Working people are taking deep real pay cuts thanks to a bargaining system which no longer provides fair and consistent wage growth.
See that teeny-tiny yellow bubble? That represents that yearly income for the average worker: $69,000. No wonder it’s dwarfed by the $9.15 million Australian CEO average annual pay.
Like many of us, Australian Council of Trade Unions secretary Sally McManus is detecting some good old fashioned big business hypocrisy in the air.
“It appears there is no wage restraint or concern about inflation when it comes to executive pay. Companies continue to put up their prices rather than see any dent in their record profits,” she says.
“Working people are taking massive real pay cuts while executives receive record bonuses on the back of the value working people have created. Big business can afford wage increases, it is just that they do not want to give them and the collective bargaining system failing to deliver them,” McManus says.
What is happening to workers’ wages?
The data from the 2021 census shows us that the median annual income in Australia is $41,900 or $805 per week.
That amount is lower than the $69,000 average because it captures the median income of all 25 million Australians rather than just the 12 million employees represented in the $69,000 figure.

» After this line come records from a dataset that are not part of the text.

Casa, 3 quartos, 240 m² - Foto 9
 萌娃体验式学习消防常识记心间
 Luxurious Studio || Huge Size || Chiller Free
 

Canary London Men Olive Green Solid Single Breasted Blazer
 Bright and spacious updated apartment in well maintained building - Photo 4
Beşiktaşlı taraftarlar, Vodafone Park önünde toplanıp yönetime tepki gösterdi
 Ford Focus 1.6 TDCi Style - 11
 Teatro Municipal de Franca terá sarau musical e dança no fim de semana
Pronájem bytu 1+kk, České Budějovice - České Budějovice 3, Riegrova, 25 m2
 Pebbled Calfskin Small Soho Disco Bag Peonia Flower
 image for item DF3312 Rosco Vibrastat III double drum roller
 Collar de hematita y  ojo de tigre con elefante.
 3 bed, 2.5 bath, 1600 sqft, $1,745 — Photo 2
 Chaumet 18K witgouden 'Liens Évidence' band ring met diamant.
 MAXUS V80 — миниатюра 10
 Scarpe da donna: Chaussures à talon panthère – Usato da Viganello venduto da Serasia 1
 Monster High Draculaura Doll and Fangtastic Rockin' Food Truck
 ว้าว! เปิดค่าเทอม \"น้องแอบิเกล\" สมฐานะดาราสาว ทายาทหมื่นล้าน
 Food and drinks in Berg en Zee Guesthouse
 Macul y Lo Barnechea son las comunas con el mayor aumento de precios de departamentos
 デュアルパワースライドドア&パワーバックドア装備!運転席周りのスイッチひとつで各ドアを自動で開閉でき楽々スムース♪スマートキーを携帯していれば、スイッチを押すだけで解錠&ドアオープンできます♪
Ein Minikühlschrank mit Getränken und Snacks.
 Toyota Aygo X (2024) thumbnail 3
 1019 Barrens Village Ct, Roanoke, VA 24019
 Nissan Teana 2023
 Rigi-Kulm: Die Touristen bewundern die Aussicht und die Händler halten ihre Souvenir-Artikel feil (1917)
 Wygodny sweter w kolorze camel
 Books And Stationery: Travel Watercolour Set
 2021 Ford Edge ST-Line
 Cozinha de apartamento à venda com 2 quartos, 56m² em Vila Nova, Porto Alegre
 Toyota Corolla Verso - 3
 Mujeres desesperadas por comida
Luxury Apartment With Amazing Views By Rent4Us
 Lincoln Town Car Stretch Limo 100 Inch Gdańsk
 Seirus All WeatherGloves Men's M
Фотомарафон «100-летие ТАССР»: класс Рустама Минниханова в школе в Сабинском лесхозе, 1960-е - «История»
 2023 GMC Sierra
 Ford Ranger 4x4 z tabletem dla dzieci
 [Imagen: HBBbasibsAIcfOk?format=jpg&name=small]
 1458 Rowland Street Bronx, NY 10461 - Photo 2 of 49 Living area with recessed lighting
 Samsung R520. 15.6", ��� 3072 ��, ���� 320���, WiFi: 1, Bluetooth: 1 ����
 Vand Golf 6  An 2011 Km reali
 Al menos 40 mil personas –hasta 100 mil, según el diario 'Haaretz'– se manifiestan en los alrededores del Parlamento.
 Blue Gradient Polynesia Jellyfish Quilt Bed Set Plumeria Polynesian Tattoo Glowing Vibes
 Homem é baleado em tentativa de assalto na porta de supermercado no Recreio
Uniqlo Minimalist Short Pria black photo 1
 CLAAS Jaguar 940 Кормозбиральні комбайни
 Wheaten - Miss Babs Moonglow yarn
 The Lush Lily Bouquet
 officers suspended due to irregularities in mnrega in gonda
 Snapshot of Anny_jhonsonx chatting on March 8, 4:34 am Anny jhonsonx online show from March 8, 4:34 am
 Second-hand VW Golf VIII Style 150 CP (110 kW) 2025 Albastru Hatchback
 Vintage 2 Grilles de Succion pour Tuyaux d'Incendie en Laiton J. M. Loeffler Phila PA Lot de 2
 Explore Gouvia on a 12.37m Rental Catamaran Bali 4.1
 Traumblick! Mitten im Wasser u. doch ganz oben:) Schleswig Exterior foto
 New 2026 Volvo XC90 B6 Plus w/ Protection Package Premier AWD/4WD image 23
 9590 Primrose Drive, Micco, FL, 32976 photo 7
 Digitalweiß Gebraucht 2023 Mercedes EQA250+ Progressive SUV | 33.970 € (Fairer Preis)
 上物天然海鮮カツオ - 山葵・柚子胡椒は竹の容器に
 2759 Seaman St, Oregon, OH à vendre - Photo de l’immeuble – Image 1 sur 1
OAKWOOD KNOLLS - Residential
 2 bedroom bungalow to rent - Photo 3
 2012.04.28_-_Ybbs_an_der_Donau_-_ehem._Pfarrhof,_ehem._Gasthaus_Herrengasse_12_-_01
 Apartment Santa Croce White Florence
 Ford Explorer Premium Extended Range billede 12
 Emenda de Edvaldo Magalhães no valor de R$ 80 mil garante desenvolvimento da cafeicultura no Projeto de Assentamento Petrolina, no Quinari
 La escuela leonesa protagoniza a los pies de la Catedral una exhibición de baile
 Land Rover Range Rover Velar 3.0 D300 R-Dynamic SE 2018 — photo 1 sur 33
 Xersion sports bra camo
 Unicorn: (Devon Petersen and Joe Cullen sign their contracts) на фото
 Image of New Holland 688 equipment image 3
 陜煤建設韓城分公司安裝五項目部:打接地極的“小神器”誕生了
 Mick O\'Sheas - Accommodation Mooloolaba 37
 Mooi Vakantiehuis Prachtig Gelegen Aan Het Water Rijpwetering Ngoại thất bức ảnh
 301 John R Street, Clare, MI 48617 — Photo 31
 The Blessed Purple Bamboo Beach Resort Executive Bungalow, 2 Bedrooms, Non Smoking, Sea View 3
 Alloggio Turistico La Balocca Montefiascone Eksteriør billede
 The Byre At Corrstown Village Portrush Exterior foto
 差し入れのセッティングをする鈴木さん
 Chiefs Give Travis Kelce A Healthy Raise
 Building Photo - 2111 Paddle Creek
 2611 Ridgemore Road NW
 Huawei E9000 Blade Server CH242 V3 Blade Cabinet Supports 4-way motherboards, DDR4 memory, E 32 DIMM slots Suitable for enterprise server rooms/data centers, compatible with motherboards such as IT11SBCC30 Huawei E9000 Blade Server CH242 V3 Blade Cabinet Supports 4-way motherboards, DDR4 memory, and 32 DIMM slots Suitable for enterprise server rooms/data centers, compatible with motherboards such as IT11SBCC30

The median weekly income varies depending on where you live. So how does the state or territory you live in compare?
The dark red stain is the remarkably high median income earned by Canberrans. However, the numbers only tell half the story.
Although incomes may be higher compared to the rest of the country, so is the cost-of-living in the ACT. Canberra has some of the highest rents in Australia and those who aren’t on stable public service salaries are falling below the poverty line.
So when even workers’ incomes in our supposedly richest area are being left behind, big business pushing back against raising wages for our lowest paid just looks cheap.
Workers better off through collective bargaining
Those on minimum wage should see a 5.2 per cent pay rise while for those on Awards it’s a 4.6 per cent increase or an extra $40 per week (whichever of the two is highest).
Around one in four workers in Australia will receive those increases. They are the highest increases we’ve seen in decades, and it is thanks to union members coming together for decent wage growth that they happened.
The collective action that achieved the increase to the minimum wage is the same organising that propels strong wage growth for other workers too.
For around a third of workers in Australia today, pay increases are achieved through Enterprise Bargaining Agreements (EBAs). EBAs are where workers come together to negotiate with their employer for pay rises and better working conditions in exchange for improved productivity.
EBAs are required to offer better conditions overall than the relevant award that would otherwise apply. In other words, they are good news for workers looking for better wages.
But thanks to nine years of Liberal-National government working in the interests of big businesses rather workers, the laws supporting the bargaining system have been eroded.
The bargaining system is not delivering the wage growth that Australian workers need and deserve. We need a bargaining system which drives economic growth rather than locking working people out of it.
The weakening of the bargaining system is the reason why we’ve seen Tuftmasters employees speak out against attempts to dilute pay and conditions, essential transport workers go on strike, and nurses and midwives take to the streets en masse.
The very workers we’ve relied on to endure the pandemic are calling out for decent pay so they can keep up with galloping cost-of-living. The best time to fix our bargaining system is now.
What makes enterprise bargaining so effective for workers is the same thing that will strengthen it: collective action.
That means building organised workplaces where workers in unions stand with each other. It’s why union members earn, on average, $250 more per week than non-union members.